Aber wir haben nicht vor, Netflix hier noch eine zusätzliche Werbeplattform zu bieten. Nicht zuletzt, weil wir ja, wie bereits erwähnt, eh schon das Gefühl haben, dass das Homekino-Konsumverhalten ungut auf unser Publikum abfärbt. Zwar ist es mittlerweile ein alter Zopf, dass die Grenzen zwischen Privatsphäre und Öffentlichkeit heute völlig aufgelöst sind. Aber trotzdem sind wir doch immer wieder erstaunt, wenn die Leute während der Vorstellung wie selbstverständlich raschelnd aus ihrem Schnappsack futtern oder sich ein Bier zischen. Ebenso wunderten wir uns über jene bereits betagtere Zuschauerin, die während eines Publikumsgesprächs nach einer Produktion aus Syrien ihr Tupperware auspackte und sich, engagiert ihr Müesli knabbernd, vollmundig über die europäische Empathielosigkeit ausliess.

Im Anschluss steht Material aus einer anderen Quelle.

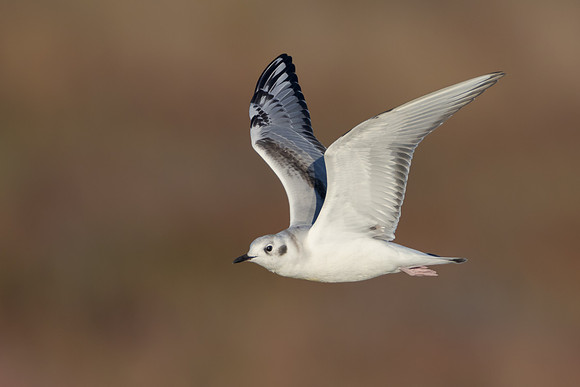 Bonaparte's Gull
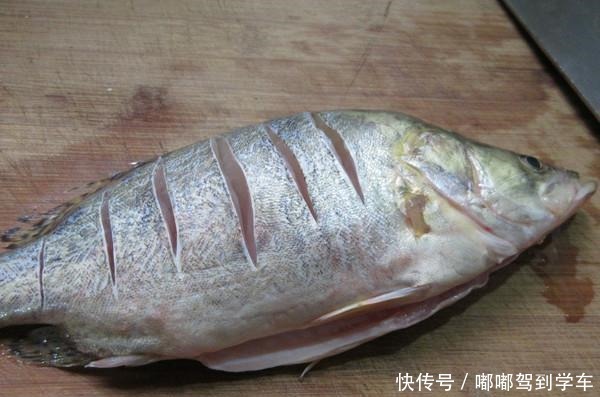 开胃|9月必吃这种鱼，肉厚刺少，开胃增食欲，不得不说，贴秋膘真香！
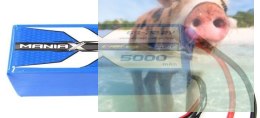 5000mAh 22.2V 45C eXpert ManiaX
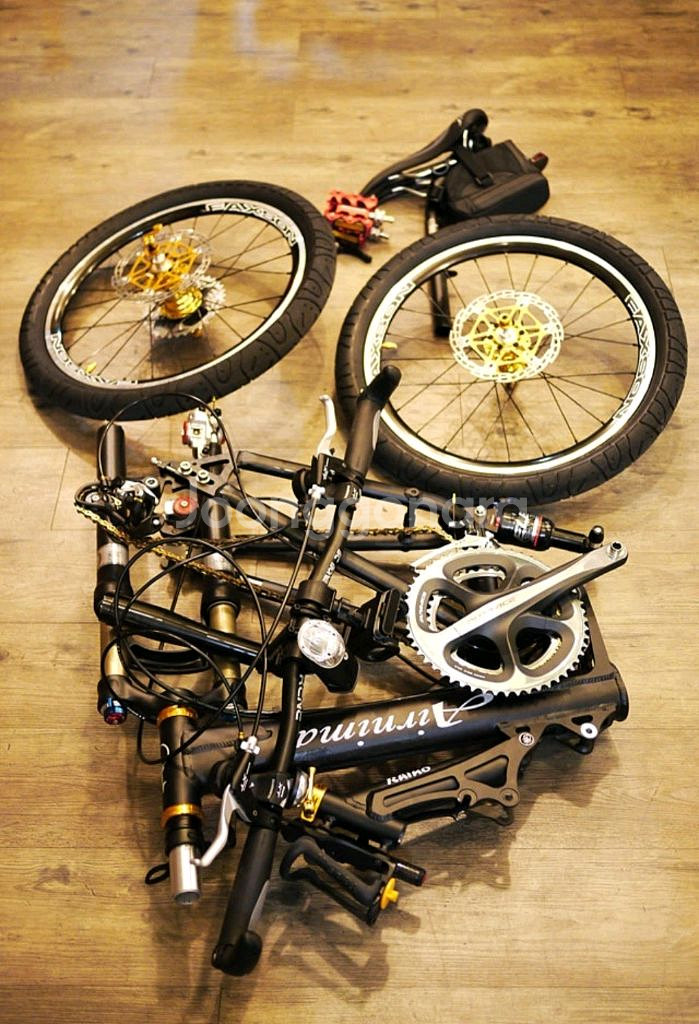 에어니멀 라이노 / 풀샥 미니벨로 (브롬톤, 구와하라 가프, 루이가르노, 버디)--7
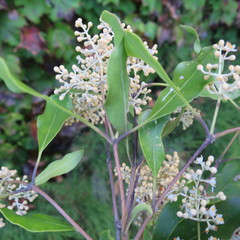 Olea capensis macrocarpa
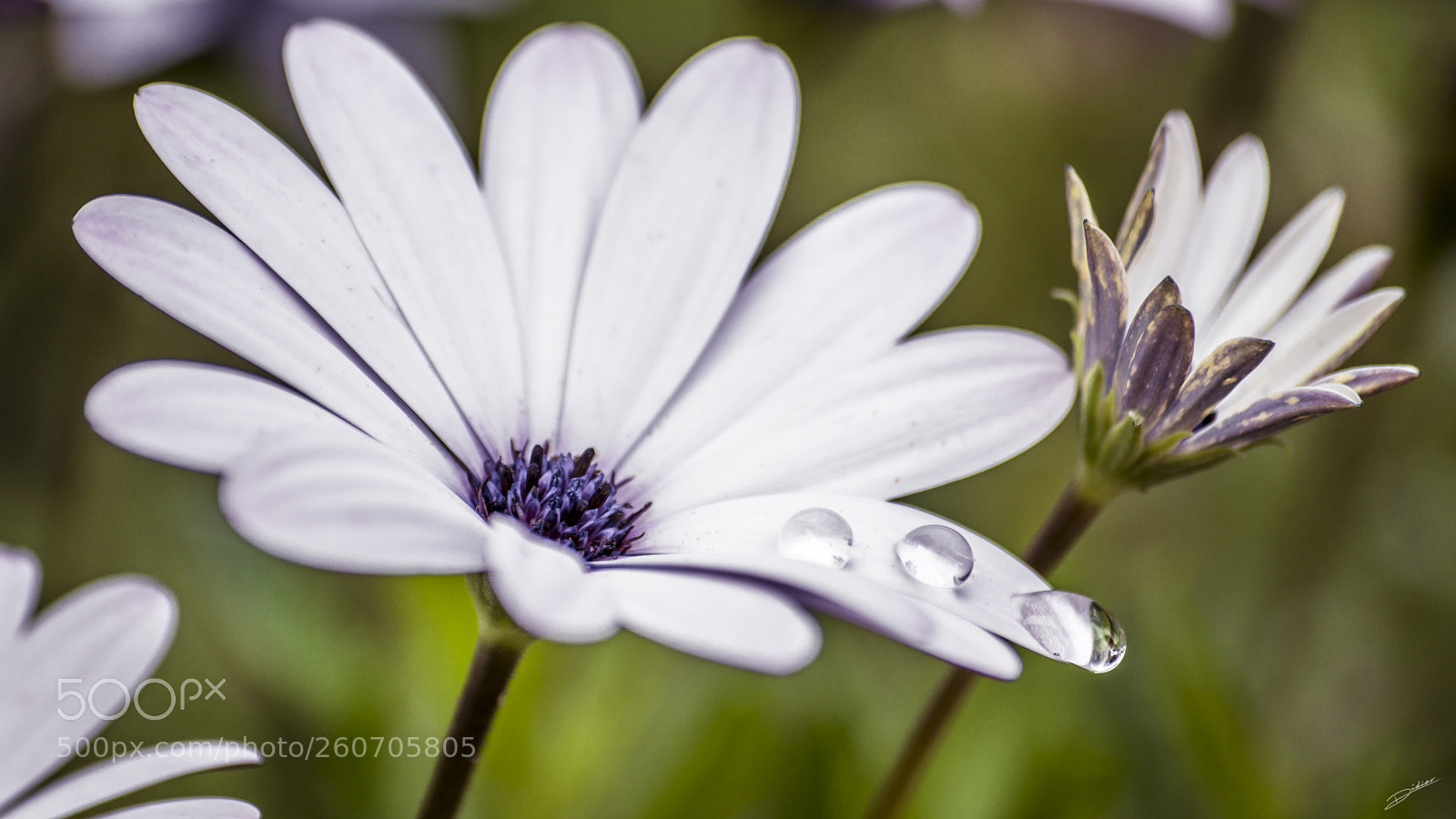 Nikon D5500 sample photo. *** flowers *** photography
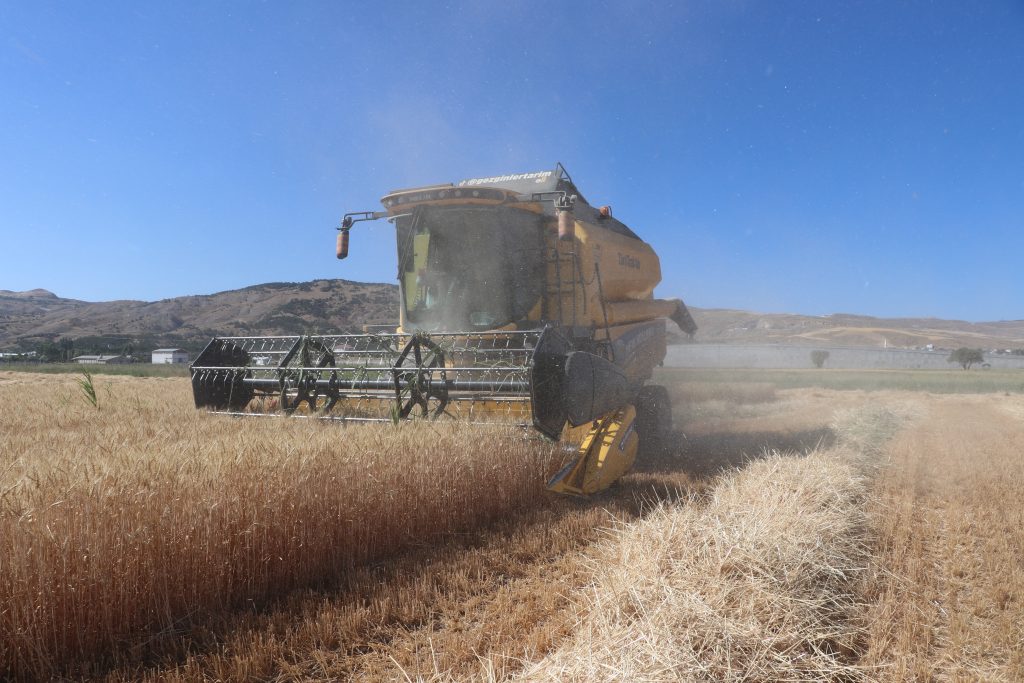 Sivas’ın Yerli ve Milli Buğday Çeşitleri Hasat Edildi! AW502728 08 | Gündem Sivas™ Haber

Item. Wie gesagt, wir haben uns an vieles gewöhnt. Fast schon alltäglich sind Leute, die sich während der Vorstellung lauthals miteinander unterhalten, mit ihren Smartphones filmen und fotografieren, um sich dann zu Hause anschauen zu können, was sie im Theater nur auf ihrem Display gesehen haben; die SMS schreiben und ihre Mails checken, während sich die Akteur*innen vorne auf der Bühne den Wolf abspielen. So à la «Was geht es mich an, was ihr da absondert?! Ich hab schliesslich dafür bezahlt». Theater on demand eben.

Wir konstatieren: Das Konsumverhalten verdrängt die Inhalte. Die feindliche Übernahme des öffentlichen Raumes durch den Individualismus macht auch vor dem Theater nicht Halt und verwandelt so die ehemalige, äh, Lernanstalt in eine Speerspitze der fortschreitenden allgemeinen Verblödung. Sätze wie «Warum soll ich mir von einem Theaterabend irgendwelche Themen aufoktroyieren lassen?! Ich weiss schliesslich selber am besten, was ich wissen will!» machen vermehrt Schule und gipfeln in den Worten eines Zuschauers von neulich: «Sag mal, who the fuck is Gender?»

Aber wir geben nicht auf. Und in diesem Sinne möchten wir Sie herzlich einladen, sich mit unserem Mai/Juni-Programm zu konfrontieren. Im Gegenzug versprechen wir Ihnen, dass Sie garantiert nur für das bezahlen, was Sie auch wirklich verdient haben.